* [TASK TO COMPLETE] With the pictures omitted, print exactly the lines below, from the one containing "A white curtain" through the one containing "Un interior moderno", and nothing else.

Extracted records
'''

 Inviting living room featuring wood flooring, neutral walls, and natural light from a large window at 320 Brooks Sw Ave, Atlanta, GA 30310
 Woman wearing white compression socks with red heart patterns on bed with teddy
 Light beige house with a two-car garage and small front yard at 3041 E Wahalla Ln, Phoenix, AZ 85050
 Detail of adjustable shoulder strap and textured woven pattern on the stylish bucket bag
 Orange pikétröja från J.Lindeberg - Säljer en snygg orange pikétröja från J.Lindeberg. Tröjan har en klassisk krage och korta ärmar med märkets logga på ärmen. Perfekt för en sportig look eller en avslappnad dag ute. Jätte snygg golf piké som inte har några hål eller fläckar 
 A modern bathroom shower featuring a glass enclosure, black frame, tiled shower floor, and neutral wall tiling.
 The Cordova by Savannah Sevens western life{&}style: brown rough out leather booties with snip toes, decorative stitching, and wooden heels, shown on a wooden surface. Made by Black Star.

'''
'''

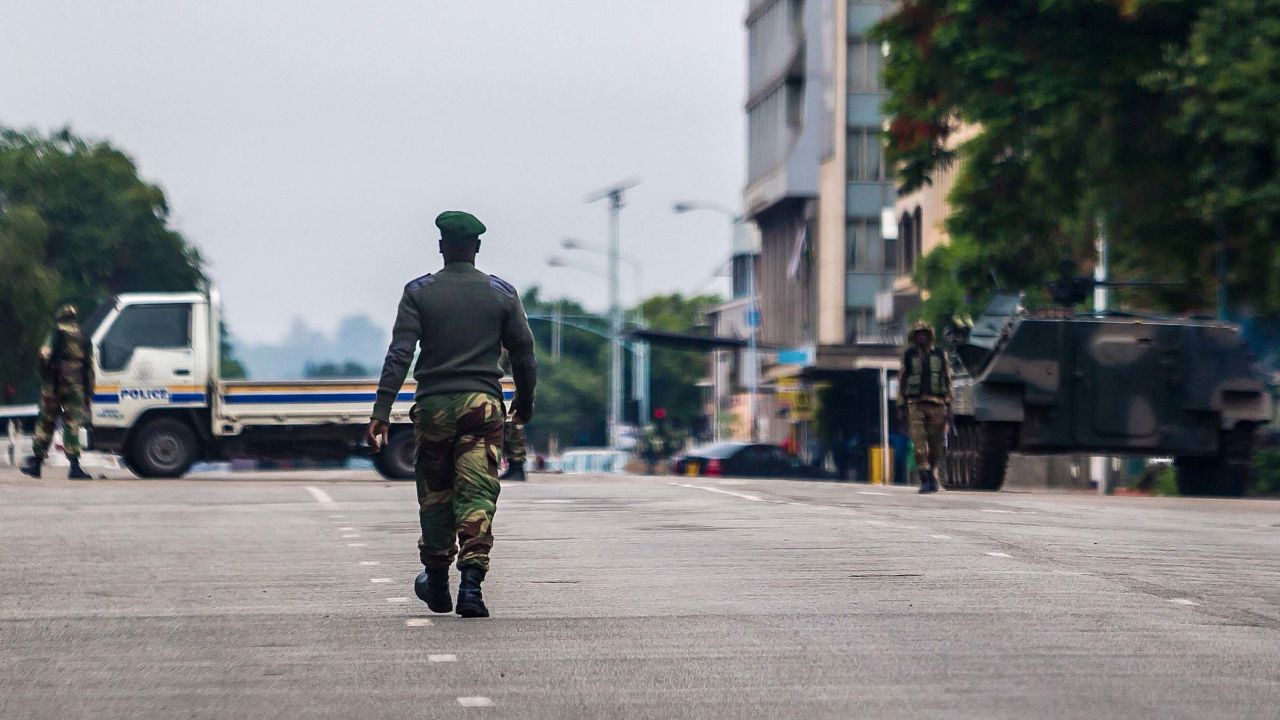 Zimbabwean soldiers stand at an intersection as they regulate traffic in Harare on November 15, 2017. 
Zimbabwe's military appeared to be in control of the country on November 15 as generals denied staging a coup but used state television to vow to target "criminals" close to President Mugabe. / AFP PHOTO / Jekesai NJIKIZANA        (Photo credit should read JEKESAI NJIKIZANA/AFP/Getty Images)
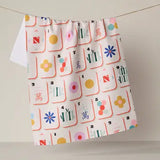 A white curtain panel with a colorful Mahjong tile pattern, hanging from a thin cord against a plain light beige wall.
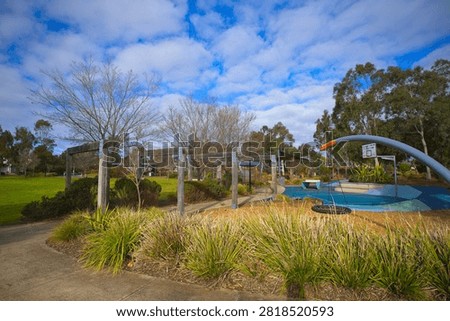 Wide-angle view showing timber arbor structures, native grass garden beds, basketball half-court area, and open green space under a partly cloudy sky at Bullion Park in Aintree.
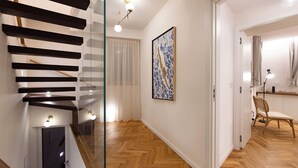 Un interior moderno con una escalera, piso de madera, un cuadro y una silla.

'''

* [REPLY]
 A white curtain panel with a colorful Mahjong tile pattern, hanging from a thin cord against a plain light beige wall.
 Wide-angle view showing timber arbor structures, native grass garden beds, basketball half-court area, and open green space under a partly cloudy sky at Bullion Park in Aintree.
 Un interior moderno con una escalera, piso de madera, un cuadro y una silla.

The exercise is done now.